Dr. Barth Wilsey, a UC Davis clinical researcher, used a supply of government-produced marijuana cigarettes when he conducted an important study showing benefits of cannabis in reducing neuropathic pain.
Wilsey, spotlighted in Sunday's Sacramento Bee California Forum story, Research offers contrasting views of marijuana, conducted clinical trials on 38 patients.
His research revealed that patients smoking marijuana cigarettes with 3.5 percent tetrahydrocannabinol (THC), the psychoactive substance in cannabis, got the same pain relief as those whose smoked pot with 7 percent THC but had reduced cognitive impairment.
Wilsey is now conducting additional research to see if medical pot users can still obtain pain relief at even lower doses.
Yet as they branch out into other studies, marijuana researchers may need to consider that government pot - cultivated for research at the University of Mississippi - is decidedly less potent than what is sold in many California medical marijuana dispensaries.
For example, some of the more popular meds at Harborside Health Center, are triple the potency of what Wilsey used in his study.
Harborside, which tests its product for THC, sells an OG Kush strain that tops out at 24 percent THC with a lower potency level of eight percent.

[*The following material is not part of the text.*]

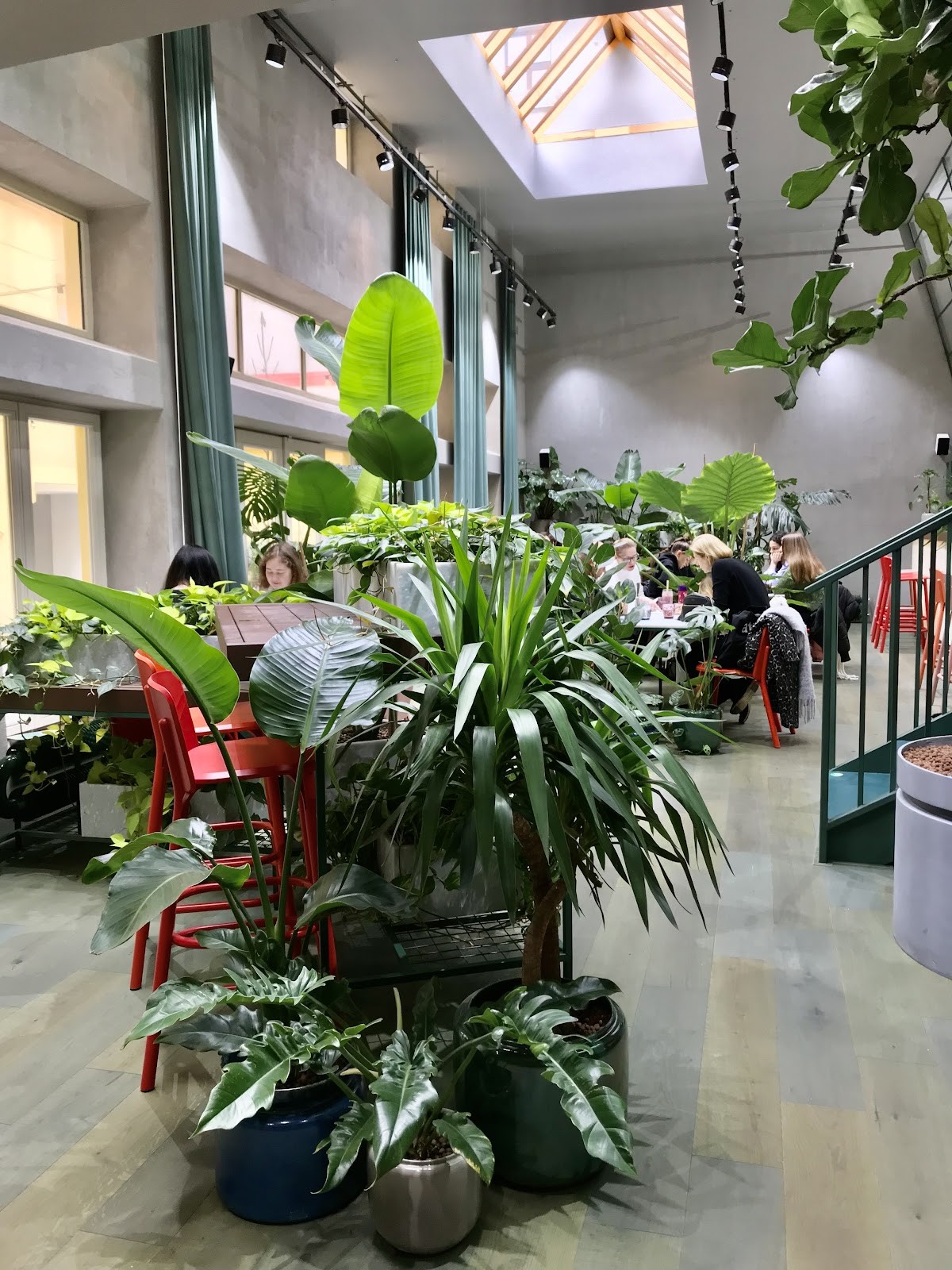 Healthy Longevity Café – Restaurant: the place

Its Mango OG tops out at 22 percent with a low potency of about 14 percent - well above the highest-potency smoke in the clinical trials.
Wilsey's work was part of nearly a decade of state-funded studies conducted by the Center for Medicinal Cannabis Research at UC San Diego.
Wilsey said considerable more medical cannabis research is needed - ideally with hundreds of patient subjects, not just a few dozen.
And judging by what is on the shelf at Harborside and elsewhere, future studies may need to consider what is on the market.